Warming is but one step in the proof. The second, attribution, tends to be frustratingly dominated by circular reasoning (a parameterized model is inherently circular), the post-hoc fallacy, and proof by exhaustion (which is a fallacy in itself as we know so little about climate).
If you would actually read the paper you would see that Hansen’s data is not based on tree ring studies. The “hockey stick” does not ignore warm and cool periods; the line that makes that shape is an average of figures surrounding each point on the line. Those figures indeed fluctuate, but the trend is clearly upward. You can find this graphic all over the Internet.
I believe that you fellows are making complex that which is not complex. This is just about the transfer of heat from one place to another or the second law of thermodynamics which I believe in and so does everybody else. I now believe that when it comes to the transfer of heat through the surface of water we’ve been had.

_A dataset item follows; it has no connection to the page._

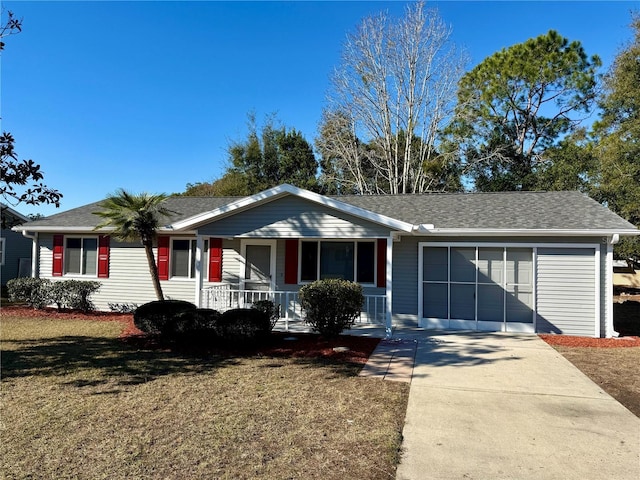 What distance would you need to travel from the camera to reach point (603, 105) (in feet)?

Remember that the scientists are reporting “missing heat” not me and you have done nothing to explain the missing heat.
After I found that I appeared to be unable to get heat into water from above I tried an admittedly crude experiment as follows. I heid a heat gun( no sissy hairdryers) over a basin of water for 15mins. Temp rise 6degF. I tried the same experiment but this time I floated a baking dish on the surface and applied the heat to that. Temp rise 48degsF. If water obeys the second law of thermodynamics, why the difference in heat uptake between covered and uncovered water. Just asking.
There is no real reason why heat should penetrate the surface of water. Surface tension is demonstrated by placing a paper clip on the surface of water and observing that although it is not shaped like a boat and has measurable weight it does not sink. Heat has no weight.
You can “radiate” water but you can’t “heat” it. Thats why with increasing co2 there is no rise in temperature.
Robert, I wrote out a detailed reply, but I deleted it. There’s really no point. You lack a basic understanding of what the second law states, and what Heat actually is. Please note: if your textbook uses the word “phlogiston” or uses “Caloric” as a noun, it is severely out of date. Heat is not matter and is not affected by the same things as mass transport.
As for your experiment, the answer is that “you changed the conditions and changed the answer. The greatest single change would be increased reflection. The hot air hits the pan and bounces off still hot. The hot air hits the water, mixes with it, and much more gets absorbed.
Finally, the “missing heat” is an artifact of bad assumptions. The fact that it is missing indicates that the warming influences on climate are less than what is commonly assumed.